Producer R B Choudhary has come up with a unique USP for Super Good Movies' Tamil movie Kacheri Arambam (loosely translates to Let's get the Party Started!), starring his very own home-grown hero, Jiiva.
He has his son deliver all the chops, fights, dances and punch dialogues requisite of a star but with a note to the audience. "Yes, I'm here to mouth corny dialogues and sing songs, because my dad's a producer and I want to be a commercial hero," he says with a straight face.
It's certainly a technique that's very effective in the beginning. Once you've gotten past the sparkly title, SFX and crashing sound, you've got director Thiraivannan shaking hands with Jiiva on a train, both explaining that they're "building things up" because this is a commercial pot-boiler.
After that, it's a gimmick-laden trip to the past as Jiiva explains exactly why he's on a train to Chennai.
Turns out he's Paari (but you really can't see him as anybody but Jiiva), a guy with the instincts of a do-gooder who donates his bike, watch and even a lakh in cash because someone needs it, and gets a good scolding from his desperate father (Azhagam Perumal, barely recognizable with a moustache and glasses).
After enduring one scolding too many, he departs his native Ramnad, determined to prove himself to his parents and lands up in Chennai.
Cue more SFX gimmicks, and he literally slams into Madhi (Poonam Bhajwa), who rescues him in the nick of time from an accident. Naturally, its love at firsts sight except that every time he tries to talk to her, a car-load of guys try to beat him up.
More punch dialogues, his dad's movie references and fisticuffs later, Paari follows the route taken by R Madhavan in Run, and learns the truth about Madhi. In a situation straight out of Ghilli, she's caught in the invisible clutches of Royapuram Sivamani (J D Chakravarthy), who rescues her from local goons and instantly decides he'll marry (!) her.
Its now a cat-and-mouse game between the uber-villain Sivamani who's the don of dons and Paari, a simple villager but in true cinematic fashion (as explained by Jiiva himself), its Paari who always has the upper-hand, instantly worming himself into the confidence of Sivamani with paltry tricks, insinuating himself in Madhi's affections and bashing plenty of people along the way.

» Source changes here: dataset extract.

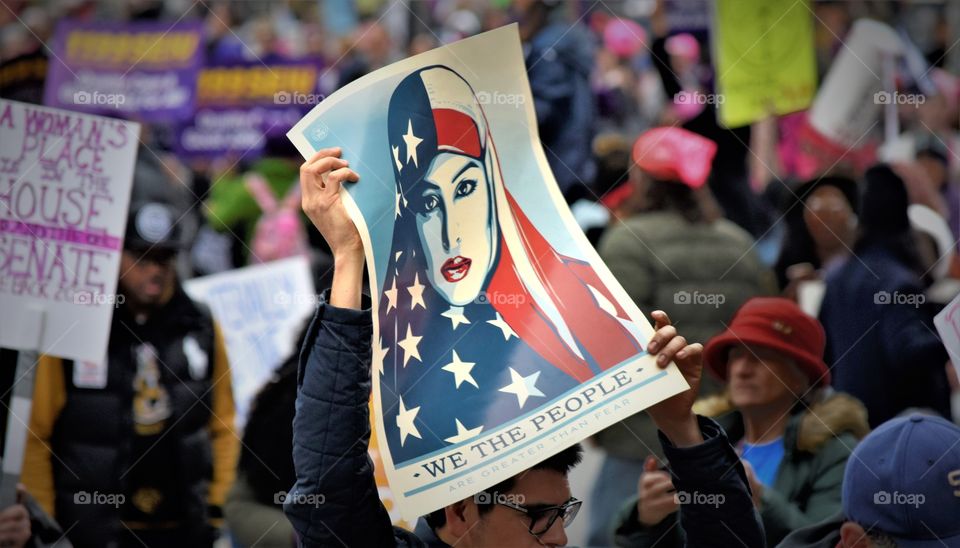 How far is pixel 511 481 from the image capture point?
11.1ft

In the meantime, he gets employed, after a fashion, with Deepavali (Vadivel, looking scrawnier), a merchant in Burma bazaar whose fate is to permanently fall flat on his face with the hero's antics, and look stupid. Credit must go to Vadivel, though because at least he makes you laugh. He and Kadhal Dandapani (who's a comical suitor for Madhi) are the reason the first half at least works. The second half descends into mediocrity.

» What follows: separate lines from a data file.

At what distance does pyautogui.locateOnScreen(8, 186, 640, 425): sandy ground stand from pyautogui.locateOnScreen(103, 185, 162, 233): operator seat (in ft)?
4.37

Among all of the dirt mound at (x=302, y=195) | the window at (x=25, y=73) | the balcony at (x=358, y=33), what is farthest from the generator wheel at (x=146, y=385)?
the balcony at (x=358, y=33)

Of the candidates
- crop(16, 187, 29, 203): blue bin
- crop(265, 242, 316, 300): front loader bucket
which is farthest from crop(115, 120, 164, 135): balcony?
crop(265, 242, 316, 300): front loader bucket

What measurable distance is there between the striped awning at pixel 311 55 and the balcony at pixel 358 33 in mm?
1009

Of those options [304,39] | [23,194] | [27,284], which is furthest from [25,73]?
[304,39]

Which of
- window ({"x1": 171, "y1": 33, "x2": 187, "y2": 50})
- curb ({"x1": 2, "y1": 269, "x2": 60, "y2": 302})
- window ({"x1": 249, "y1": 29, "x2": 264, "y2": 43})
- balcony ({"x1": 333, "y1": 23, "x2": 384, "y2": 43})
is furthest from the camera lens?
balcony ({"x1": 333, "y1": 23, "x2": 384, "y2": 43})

Having decided to follow the commercial route, it's obvious that Jiiva has decided to go the whole way but he diverts your attention and takes you by surprise at several moments, credit for which must definitely go to the director. Jiiva hams, smiles, snickers, makes faces, dances and fights in every way a hero has to, but with a side note to the audience, informing him about his next action. It's like a movie within the movie but after a point, the references to his industry connections begin to irritate you. Every actor wants to become a star, of course but you really miss Jiiva the actor, who is capable of compelling performances.
Poonam Bhajwa is her usual, rather listless self. J D Chakravarthy impresses you with his suavity, until he falls for every trick of the hero and loses your respect. That's hardly his fault, though. What he's given, he's done reasonably well. Vadivel performs his comic routine faithfully, and walks away with the good deal of the applause. The rest of the cast is barely there even Aarthi.

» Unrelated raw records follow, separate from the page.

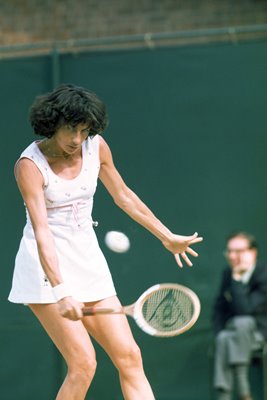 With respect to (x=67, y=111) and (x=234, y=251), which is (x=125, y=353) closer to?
(x=67, y=111)

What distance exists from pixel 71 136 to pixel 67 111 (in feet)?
0.39

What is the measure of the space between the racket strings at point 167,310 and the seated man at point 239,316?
2.26 m

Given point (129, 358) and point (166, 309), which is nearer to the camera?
point (129, 358)

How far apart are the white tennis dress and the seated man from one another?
2355 mm

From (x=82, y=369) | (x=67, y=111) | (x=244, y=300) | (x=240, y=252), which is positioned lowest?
(x=82, y=369)

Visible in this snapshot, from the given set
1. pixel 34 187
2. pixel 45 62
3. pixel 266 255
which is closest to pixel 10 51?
pixel 45 62

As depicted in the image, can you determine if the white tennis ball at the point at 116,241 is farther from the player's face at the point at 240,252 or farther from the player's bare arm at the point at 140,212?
the player's face at the point at 240,252

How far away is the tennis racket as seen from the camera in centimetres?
523

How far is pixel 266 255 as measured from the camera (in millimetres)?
7754

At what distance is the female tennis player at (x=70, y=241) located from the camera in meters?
5.18

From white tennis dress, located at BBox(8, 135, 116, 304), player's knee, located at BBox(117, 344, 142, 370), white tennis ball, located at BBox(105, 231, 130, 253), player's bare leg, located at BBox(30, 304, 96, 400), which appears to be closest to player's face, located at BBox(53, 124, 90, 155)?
white tennis dress, located at BBox(8, 135, 116, 304)

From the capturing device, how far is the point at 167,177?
317 inches

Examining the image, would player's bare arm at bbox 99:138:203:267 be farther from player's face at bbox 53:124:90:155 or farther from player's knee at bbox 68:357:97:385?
player's knee at bbox 68:357:97:385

D Imman has done his noisiest best to provide a slam-bang musical score; Kadavule is hummable, but the rest barely linger. Shanmugam's art-work is adequate; Jaishankar's editing fails in the last half-an-hour. S Vaidy's camera-work catches your attention, especially during the songs, and is otherwise pretty effective.
Humour is obviously the USP of this particular movie, visible even in Jiiva's hero-centric sequences. Of logic, rationale or sincere story-telling, there's no evidence as the team informs you frankly, at the beginning. So give your brains a rest, and enjoy this typical masala entertainer.